Some interesting observations on the dilemma facing Dion and Kennedy are contained in an article headed Seeking and keeping the hot seat: Party leadership successors in comparative perspective, written by Frederik Bynander and Paul 't Hart .
(The article may be found by googling the title or at http://polsc.anu.edu.au/staff/hart/pubs/successor_200606.pdf)

Some quotes from the article for Liberals to consider:

"Reform-inclined incumbents have to decide whether to pursue a crash through approach, i.e. launch major proposals for change early on, while they are still 'fresh' and in their 'honeymoon' period; or to tread gently at first and delay the internal battle until they are well entrenched as leader and after having been able to promote their supporters into pivotal positions within the party; or not to go for a single major reform at all but to pursue an incremental, long-term strategy."

"These judgment calls not only depend on new incumbents' personal style and risk-taking inclinations, but also on their more or less objectifiable strength within their party-- as indicated by the margin with which they were voted in or the known level of support among the former leader and the other key internal power brokers -- and their potential polling strength at the time. "

...

"Our dataset shows that new party leaders have tended not to be revolutionaries. In general, the number of successors that comes to office with an avowed commitment to transforming the party is limited: not even 10% in our sample, and usually precipitated by extraordinary electoral losses or the unexpected loss of long-held government rule. "

...

"But notwithstanding the lack of concrete moves towards internal party democratisation with regard to leader selection procedures, one may plausibly wonder to which extent this premium on continuity and not rocking the boat will remain the dominant imperative.... Contemporary electoral markets are much more volatile than they used to be .... In the West volatility results from accelerating social and cultural changes, which put even highly established parties at risk of plunging into big depths in no time.... Western political parties now are much more under pressure to reinvent themselves than they were a few decades ago... "

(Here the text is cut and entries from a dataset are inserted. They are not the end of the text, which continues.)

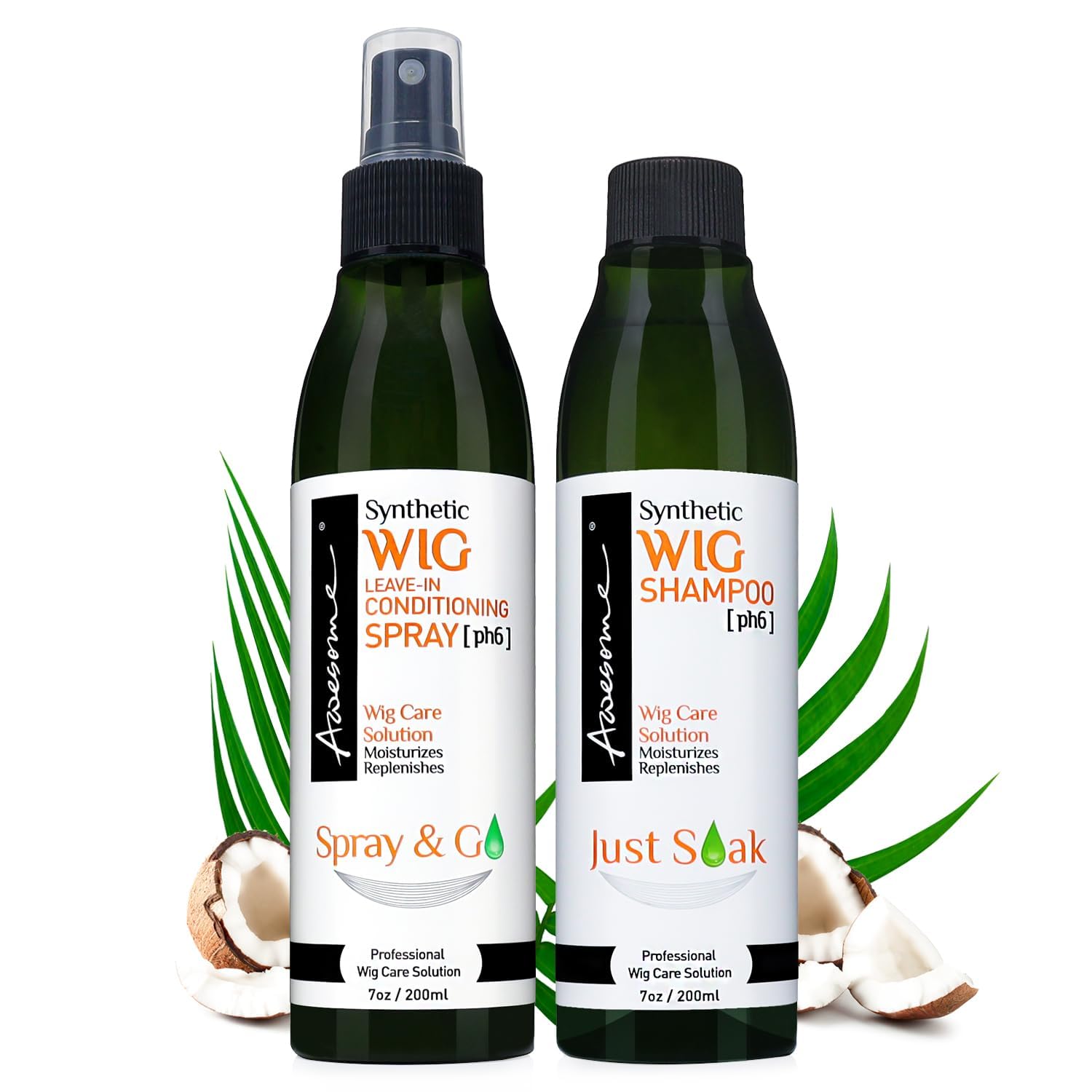 Awesome shampoing pour perruque synthétique – démêlant efficace et douceur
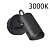 6647/10WL3 NATURE ODL25 725 черный/металл Настенный светильник IP54 LED 10W 3000K AC85-265V STIMA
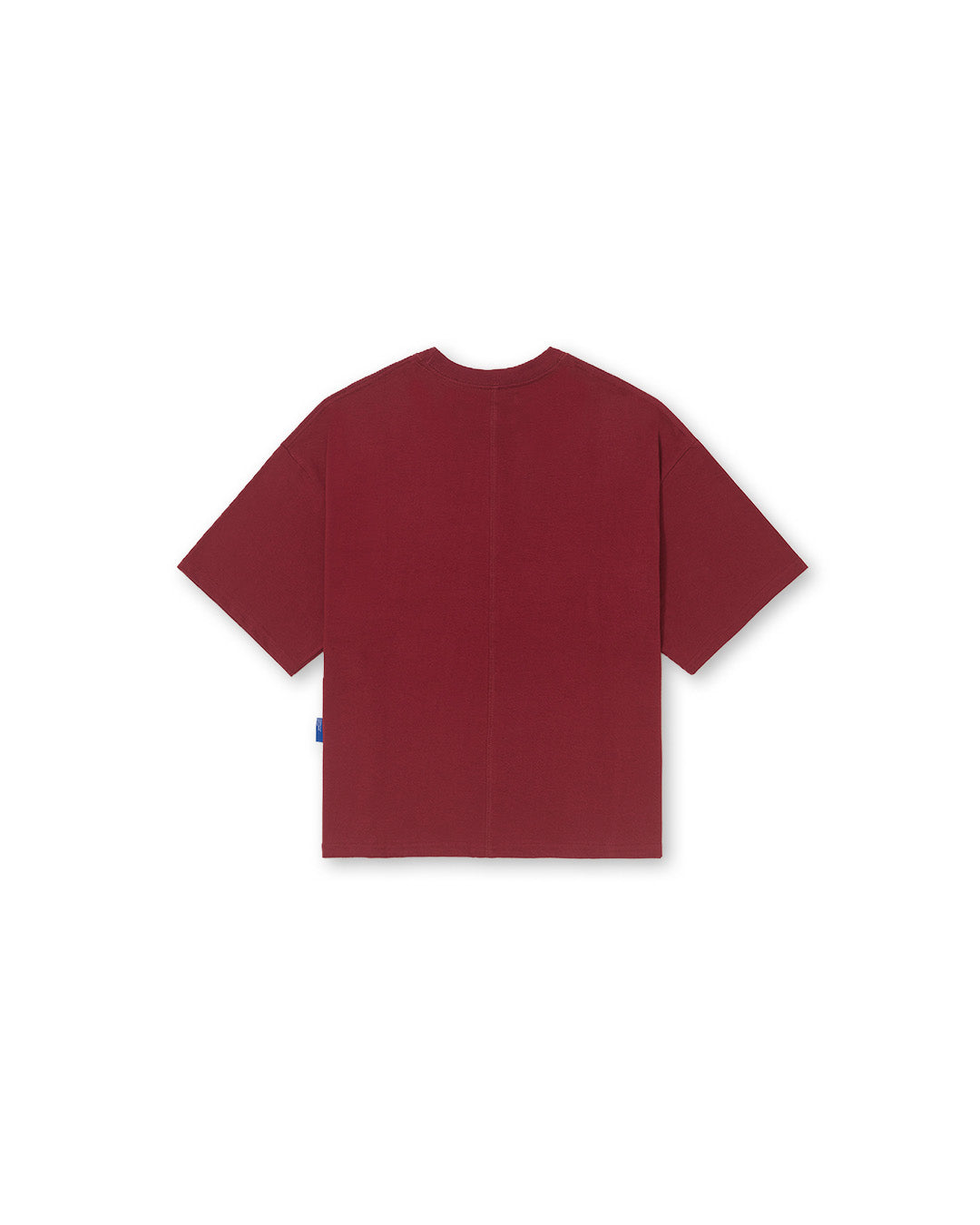 Burgundy 'Pocket' Tee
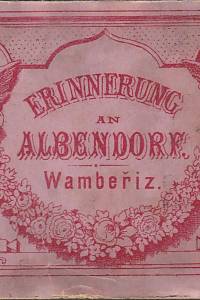 60079. Erinnerung an Albendorf. Wambeřiz.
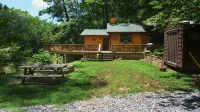 CHESTATEE RIVER CABIN is a prefect pet friendly get away close to Dahlonega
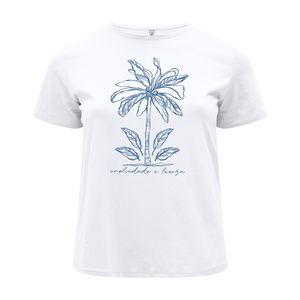 Blusa Feminina Lunender Mais Mulher 47637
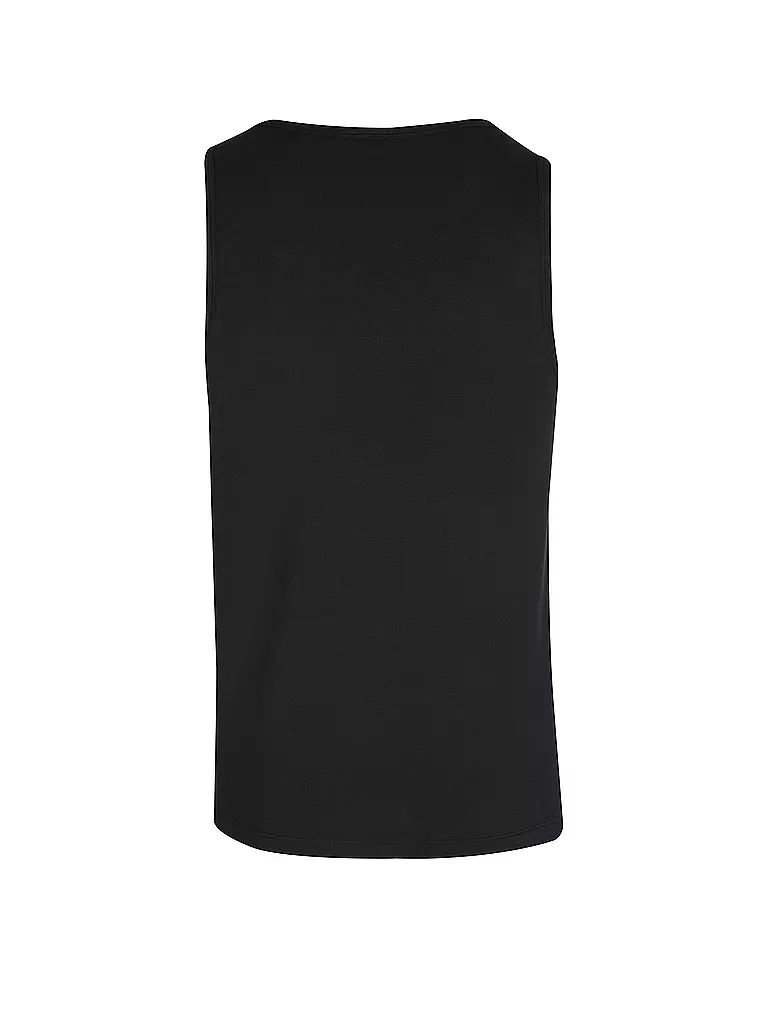 HUBER | Unterhemd black | schwarz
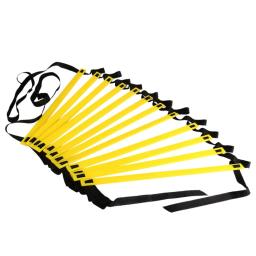 Escada de agilidade de flexibilidade alça de náilon escada de salto treinamento de velocidade escada de fitness treinamento de futebol escada de energia - Image 1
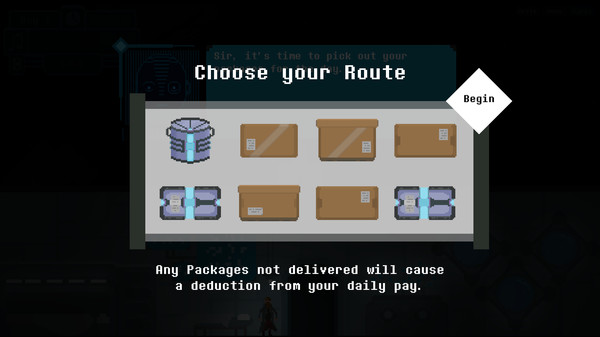 Galactic Delivery screenshot 3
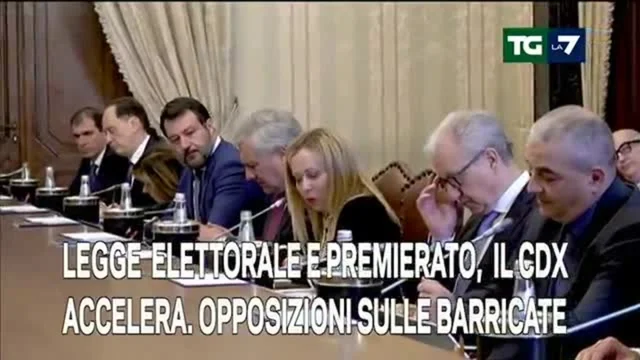 TG LA7 edizione delle 13.30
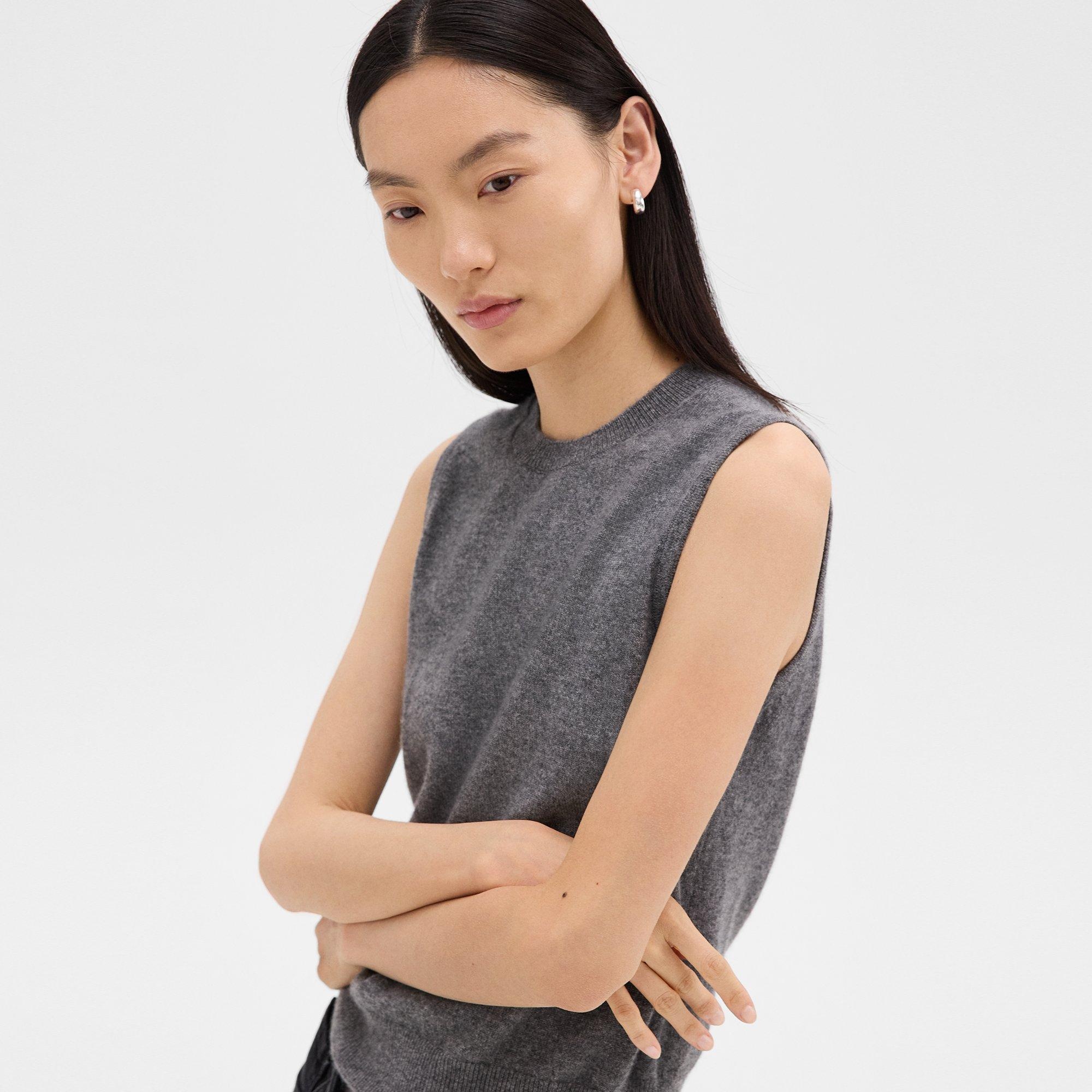 Sweater Shell in Cashmere - 5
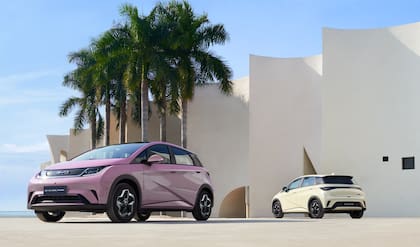 BYD se corona como el líder en ventas globales de autos eléctricos (X @BYDCompany)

"One way or another, many parties have had to reconsider their programmatic and organizational legacies in order to stay in the game. This has increased both the political momentum and the tactical possibilities for new party leaders to adopt a self-consciously reformist posture. Hence it is much more likely for contemporary than for early post-war leader-elects to be chosen on a platform of party innovation or to reveal reform ambitions shortly after being elected.... If they don't, and if their party has enjoyed meagre electoral fortunes in the most recent past, they are not likely to stay in power long, because they are unlikely to improve those fortunes. "

"In our dataset, the rapid turnover of Australian Labor leaders Australia since Paul Keating?s 1996 departure, and of British Conservative leaders since Blair?s 1997 landslide against Major, illustrates the point clearly: none of the people holding the opposition party leader's role succeeded in developing a clear, cogent and appealing new platform upon which the 're-branding' of the party could be footed."


So, Messrs Dion and Kennedy: how soon can we expect meaningful steps towards the renewal of the Liberal Party, starting with:

- the election of the leader (our current system is clearly not democratic enough, see Red Tory's blog for some concise comments);

- the selection of candidates as aspirant MPs (which is clearly broken, because the current instant party members and bused in voting sheep is a travesty);

- achieving a balance between male and female party officials;

- making sure we select, within a very short period, 50% women as candidates, in good ridings, so that the Liberals in the House are fairly balanced;

- changing the decision on policies so that members of the Party may have greater input on the direction of the party;

- changing the behaviour of Liberal MPs (to stop the buffoonery which now gives Parliament a bad name).

Have I missed any starting items? The last thing we need is another batch of Liberal promises, made but not delivered upon. So let's get cracking.